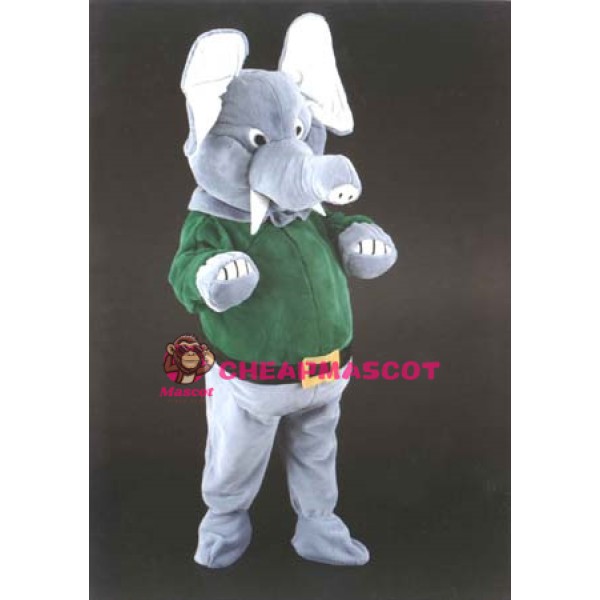 Elephant Costume Mascot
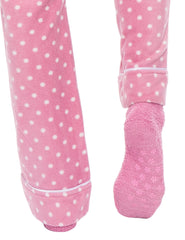 Dots Diva Pink/White
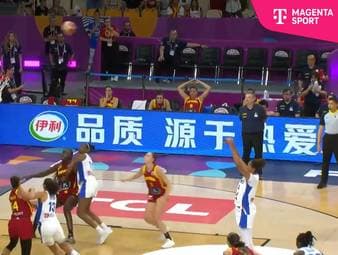 Frankreich - Spanien: Highlights | FIBA Frauen Basketball-EM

= = = = =

**WORK REQUIRED:**
Please retype the listing above word for word, skipping each picture.

**EXPECTED ANSWER:**
 Elephant Costume Mascot
 Dots Diva Pink/White
 Frankreich - Spanien: Highlights | FIBA Frauen Basketball-EM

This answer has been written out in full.